Sala stampa del tribunale di Milano, mattinata di noia moraviana. Entra un tizio e chiede: «Scusate, in che aula è il mosaico di Sironi?». E così ai cronisti giudiziari tocca ricordarsi di lavorare in un palazzo che è un capolavoro dell’architettura razionalista, nel quale le aule (anche se nessuno di solito ci fa caso) ospitano capolavori che starebbero bene al Guggenheim, e persino scale e corridoi stanno nelle pagine dei libri di architettura.
E non è finita. Il palazzo di giustizia milanese si prepara ad arricchire la sua pinacoteca. Non solo le aule di udienza, ma anche le stanze dei giudici riceveranno in dotazione molte decine di opere d’arte provenienti dal patrimonio pubblico milanese. Un accordo tra vertici della Corte d’appello e responsabili delle collezioni ha permesso che vengano destinate al tribunale una parte delle opere che non trovano spazio espositivo al Museo del Novecento, ospitato dall’Arengario di piazza del Duomo, e nella casa museo Boschi-De Stefano in via Giorgio Jan. La scelta non è casuale: si è voluto portare a palazzo di giustizia opere provenienti dallo stesso periodo storico, gli anni Trenta del secolo scorso, in cui il palazzo venne progettato e realizzato.

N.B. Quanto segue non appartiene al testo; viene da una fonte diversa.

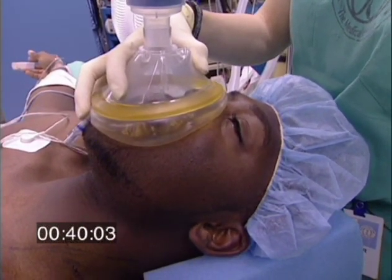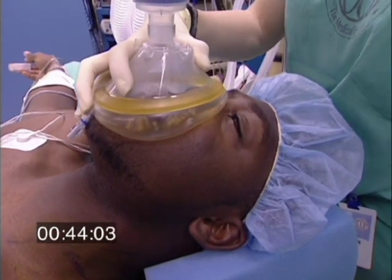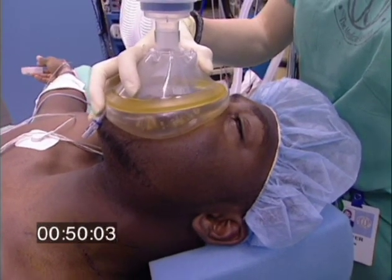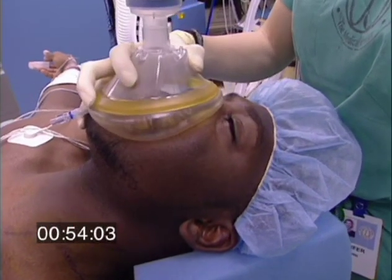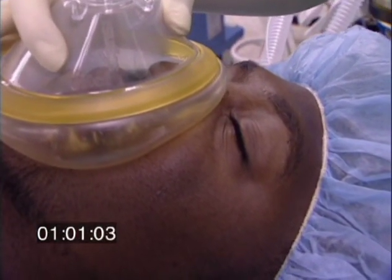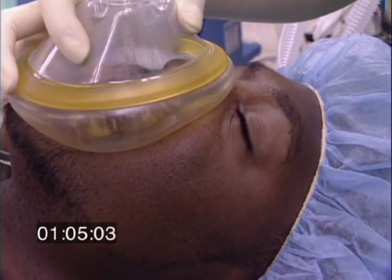Jennifer, it looks like he's beginning to get drowsy. Looks like he's still breathing. So even the 8% sevoflurane enabled him to continue breathing. His eyelids are getting heavy now. Brian, can you open your eyes for me? And then he's losing his lid reflex.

Questa iniziativa - va sottolineato - è figlia di una consapevolezza piuttosto recente. Per molti anni il valore artistico del «palazzaccio» è stato trascurato dai suoi stessi inquilini, ovvero i magistrati e gli avvocati, che hanno permesso interventi devastanti come il sopralzo (la realizzazione del sesto e settimo piano) e persino la distruzione a colpi d’ascia di molti degli arredi originali disegnati personalmente da Pier Maria Piacentini, il progettista del palazzo. Molte panche e sedie di Piacentini sono finite in discarica, rimpiazzate da poltroncine in puro stile aeroportuale. E probabilmente, nel sottovalutare la rilevanza storica dell’intero tribunale, ha pesato il fatto che si trattasse di architettura indubbiamente fascista, in cui anche la distribuzione degli spazi sottintende una concezione totalitaria del rapporto tra cittadino e giustizia.
Ma poi, un po’ per volta, giudici e avvocati hanno preso coscienza di lavorare in un pezzo di storia. Così, ormai tramontata l’ipotesi del trasloco, sono partiti gli interventi di recupero: come il restauro di molti degli affreschi, compreso quello nell’aula della Quinta sezione penale che ha riportato alla luce (cosa fino a pochi anni fa impensabile) il ritratto del cavalier Benito Mussolini. Gli arredi d’epoca sono stati in alcune aule riportati a nuovo, e sulle sedie in legno massiccio è tornato a brillare lo scudo dei Savoia. Le inverosimili gabbie in alluminio piazzate negli atrii sono in corso di smantellamento.